Sir Roun­dell Palm­er, later Lord Sel­borne, gave a paper in 1866 to the Church Congress on Eng­lish Church Hym­no­dy. He closed his paper with the words, I may be permitted to say, that the most favorable hopes may be entertained of the future prospects of British Hym­no­dy, when among its most recent fruits is a work so admirable in every respect as the Epiph­a­ny Hymn of Mr.
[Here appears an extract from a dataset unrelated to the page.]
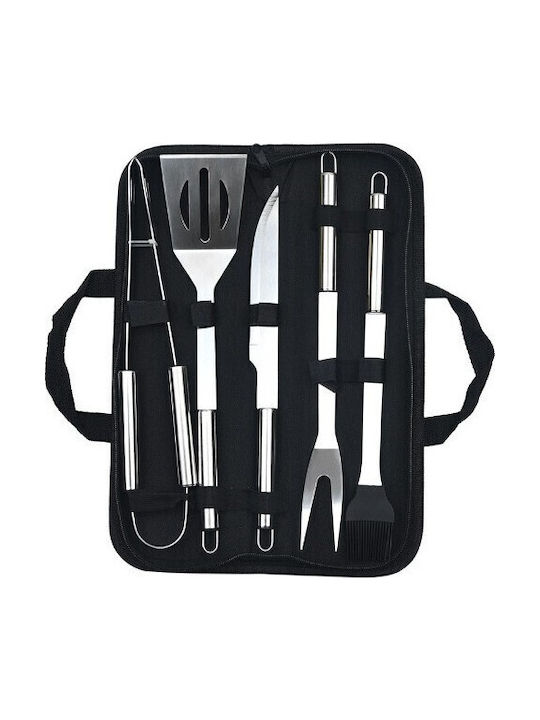 Set 5 Piese Unelte Grătar Alista Home Oțel Inoxidabil Geantă Oxford Argintiu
Chat­ter­ton Dix.

Harvey, p. 20

As with gladness, men of old
Did the guiding star behold
As with joy they hailed its light
Leading onward, beaming bright
So, most glorious Lord, may we
Evermore be led to Thee.

As with joyful steps they sped
To that lowly manger bed
There to bend the knee before
Him whom Heaven and earth adore;
So may we with willing feet
Ever seek Thy mercy seat.

As they offered gifts most rare
At that manger rude and bare;
So may we with holy joy,
Pure and free from sin’s alloy,
All our costliest treasures bring,
Christ, to Thee, our heavenly king.

Holy Jesus, every day
Keep us in the narrow way;
And, when earthly things are past,
Bring our ransomed souls at last
Where they need no star to guide,
Where no clouds Thy glory hide.

In the heavenly country bright,
Need they no created light;
Thou its light, its joy, its crown,
Thou its sun which goes not down;
There forever may we sing
Alleluias to our king!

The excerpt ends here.